Sunday, December 30, 2012

Smoked Salmon Mousse

The refrigerator is free from holiday leftovers and the house is clean.  There is no sign of holidays past and I just got a call from dear friends who want to stop by to deliver holiday gifts.  I had no idea I would be entertaining this evening nor am I prepared for company, but after a quick scan of my pantry and refrigerator, I know I can turn to an old faithful. 

My friend Ilene gave this recipe for Smoked Salmon Mousse to me 30 years ago and I still turn to it when I need a quick hors d’oeuvre or addition to my brunch buffet. I still can't figure out why it's called Smoked Salmon Mousse.  It's not made with smoked salmon and it's not a mousse, but who am I to rename someone else's recipe.  Since it tastes best served at room temperature, it makes a good contribution to a 'pot luck' New Year's Eve party or you may want to have it on hand if you are expecting guests over the holiday weekend.  Wishing you all a very Happy New Year!

§     2 6 or 7 ounce cans of skinless and boneless salmon
§     1 8-ounce package of cream cheese
§     1 tablespoon lemon juice
§     2 teaspoons finely chopped onion (optional)
§     1 teaspoon prepared horseradish
§     1/4 teaspoon salt
§     1/2 teaspoon liquid smoke

In a medium sized bowl, mix all ingredients and serve with crackers. 
If possible, I prefer to make this at least a day ahead so the flavors have time to meld, but last minute, this will still be a hit.  For a hors d’oeuvre, I sometimes fill hollowed out cherry tomatoes with this smoked salmon mousse to create an “Amuse Bouch,” a single bite to delight while enjoying a cocktail before a meal, but I most often serve this in a bowl surrounded by crackers. 
If I have some left over, I eat it for breakfast/brunch spread on a toasted bagel topped with a slice of tomato, chopped onion and capers. 
For a printer friendly copy of this recipe, go to Smoked Salmon Mousse. Enjoy!

Sunday, December 16, 2012

Chicken Matzo Ball Soup

When Mama Marko comes to visit, we always make it a priority to spend bonding time in the kitchen….but it’s not always my kitchen.  My dear friends, Honey and Tina occasionally make a special request that this dynamic cooking duo come to their home and make Chicken Matzo Ball Soup.  

During my mother’s recent Thanksgiving visit we were able to accommodate our friends’ request.  We packed the car with my oversized stock pots and knives and drove to Franklin to make a huge pot of Jewish Penicillin.  By the end of the day, they had a counter lined with portion sized containers to fill their freezer and hopefully last them through the winter.

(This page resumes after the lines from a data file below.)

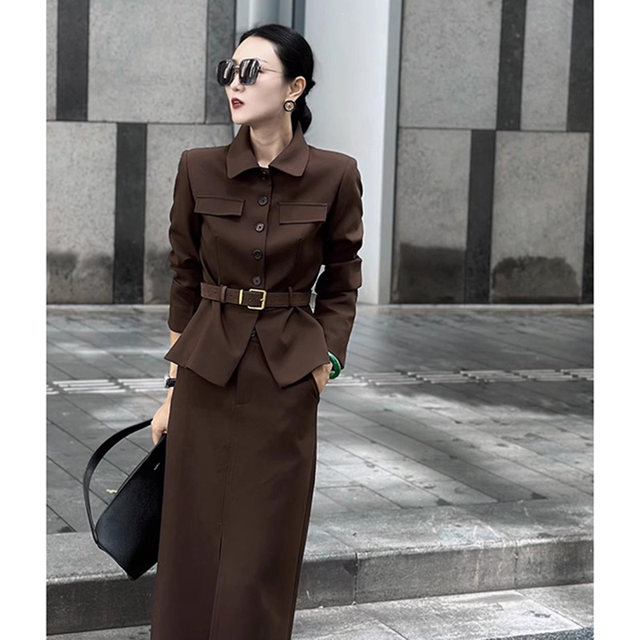2026 Spring New Women's Old Money Style Skirt Set Polo Collar Long Sleeve Shirt + Skirt Two-Piece Set Jt0103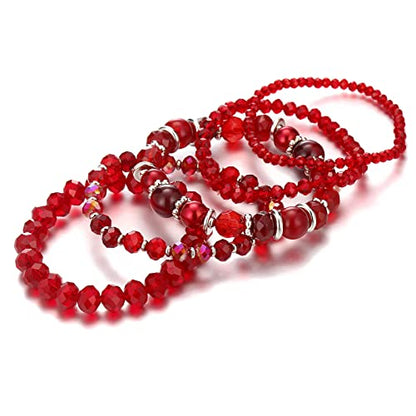 Noessla Beaded Boho Stretch Bracelet Colorful Stackable Crystal Beads Bracelets Trendy Costume Jewelry Mothers Day Gifts for Women - color: 21-Red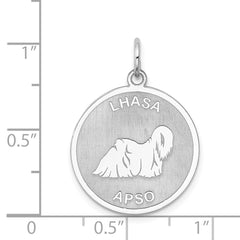 Sterling Silver Rhodium-plated Lhasa Apso Disc Charm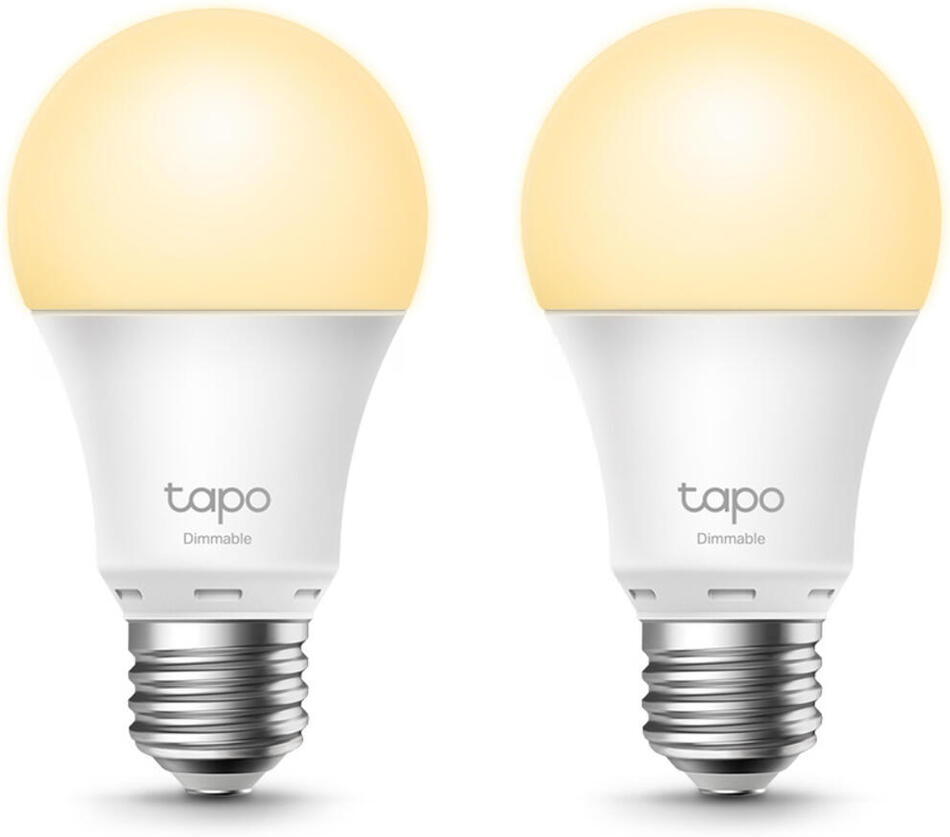 Chytrá žárovka TP-Link Tapo L510E(2-pack) E27, 8,7W, 230V, přes IP, stmívatelná, 2700K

§     1 whole chicken approximately 3 1/2 pounds
§     1 pound short ribs (optional)
§     4 large carrots
§     4 celery stalks
§     1 whole onion
§     4 celery stalks
§     Salt and pepper to taste
§     1 Small bunch of fresh parsley
§     1 Small bunch of fresh dill
§     1 bag of egg noodles (optional)

In a large stockpot, place the whole chicken.  To add more flavor, I typically add the neck bone, but don’t add the liver, it will make the soup bitter.  My mother always added short ribs to her chicken soup.  Back then, short ribs were not as trendy as they are today…and we called it “flanken,” but this meat added another layer of flavor to her special soup.  Add the short ribs (optional) and pour in enough water making sure the chicken and meat are covered by at least an inch or two. 

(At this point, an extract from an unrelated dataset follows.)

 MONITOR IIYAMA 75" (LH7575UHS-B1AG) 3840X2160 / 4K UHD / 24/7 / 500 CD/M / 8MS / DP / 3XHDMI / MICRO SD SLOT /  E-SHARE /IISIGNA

Cook over medium heat until the soup comes to a slow boil.  Lower the heat to medium low and simmer for approximately 1 hour.  If you allow the broth to boil hard, the soup will become cloudy.  After 1 hour, there will be impurities that rise to the surface.  With a slotted spoon, skim the impurities into a small bowl and toss.  Add water if necessary to keep the chicken completely covered. 

I like to add my vegetables after cleaning the impurities from the soup.  Once the broth is cleaned, add the whole carrots, celery stalks, parsley and whole onion.  At this time I add salt to the broth.  I begin with about a teaspoon or two, depending upon how large a pot you have. 

Cover and cook on medium low heat for approximately another hour.   While the broth is cooking, prepare the noodles and matzo balls. 

In a separate pot of boiling water, cook the egg noodles according to directions on the package.  Drain and set aside. 

For the matzo balls, I prefer to use a matzo ball mix.  It tastes exactly the same as using matzo meal and adding the additional ingredients, and I find that it is easier and readily available.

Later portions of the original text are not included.